I agree that the variants used in Prophecy definitely sped up the game a bit and let you get to the enjoyable part of the game faster.

At 11:57 PM, December 11, 2007, Blogger Tiffany said...

Monday night was fun, I am just sad that i couldn't stay longer. you all weren't a pain in the neck at all, i would blame it on work but I wasn't even at work when i strained the muscle on my neck. I need to make more Monday night gaming nights happen in my schedule. i forget how fun they are. And fairly soon i will drop off the face of the planet for an undetermined amount of time. Silly grad school and its qualifying exams. It is a good thing that I went home when I did. My roommate needed to go to the hospital and she took some convincing. She is still there, actually, so it is good that I came home when I did.

But I liked the Dilbert Version better than the Great Dalmuti. BUt that might be because I was not a greater and or lesser peon for most of the game. :)

I have mixed feelings about Fast Figure - mostly because of the changing the place marker bit.
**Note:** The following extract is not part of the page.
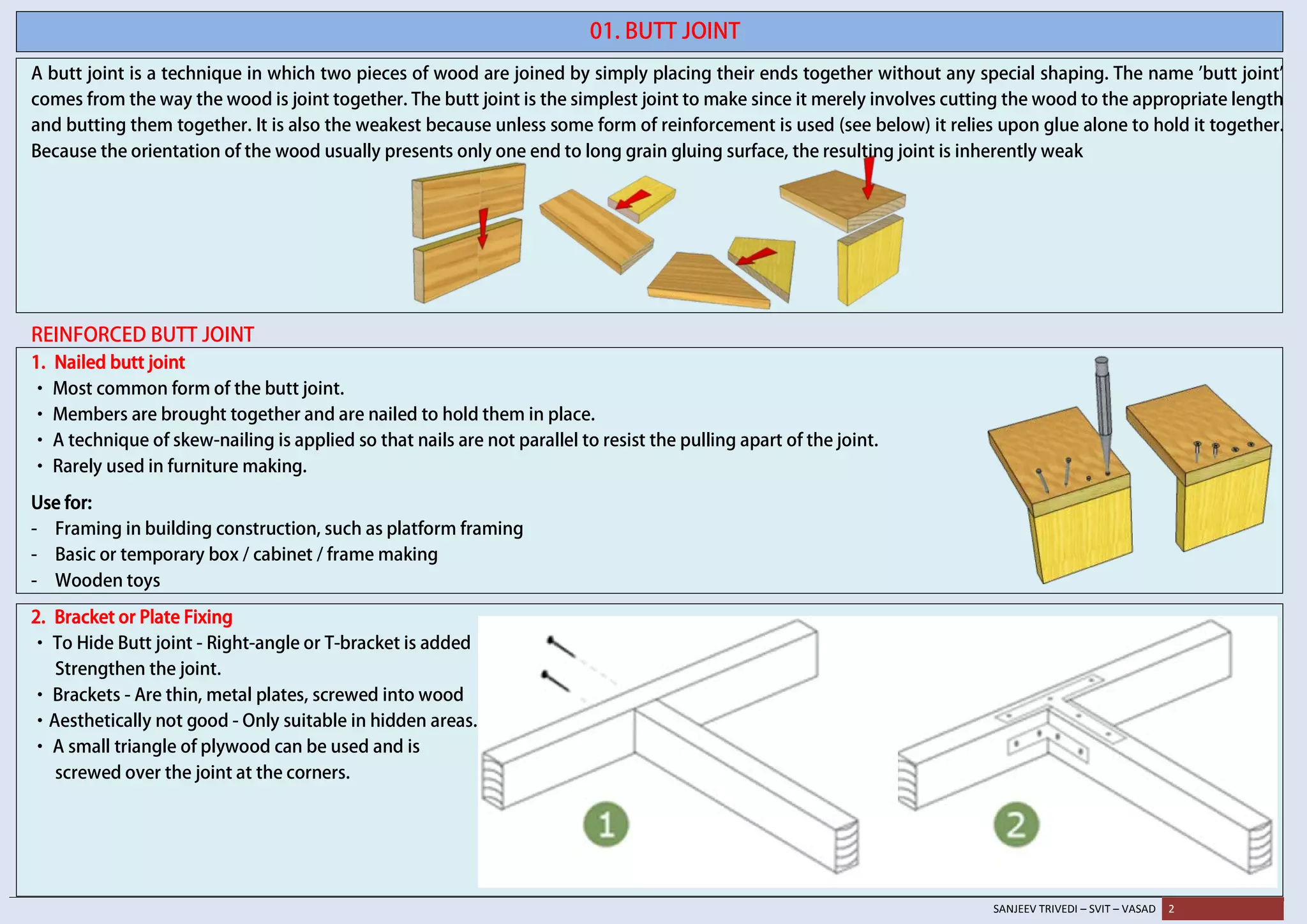 Simple Rules for Safe and Efficient Nailed Joints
I think it would have made it more interesting if it was possible not to score because no one got it correct. But those are just the late night thoughts from work.

At 9:16 AM, December 12, 2007, Blogger Jeff said...

Re: dice karma

The dice hated me in both Prophecy and Knights. Hopefully that means I've built up some good rolls for future games. Still, both are solid games, and yes, Prophecy > Talisman even after figuring in nostalgia.

Re: Fast Figure

Ditto what Dennis said - a neat but seriously flawed idea. House rules/variants are required

Re: Tongiaki

I thought I had made a big mistake picking this up in a math trade, but I'm glad I own it. At first it seems like a big pile of random, and there is a considerable amount of chaos and a little bit of luck-of-the-draw, but there's also a lot of interesting decisions to be made.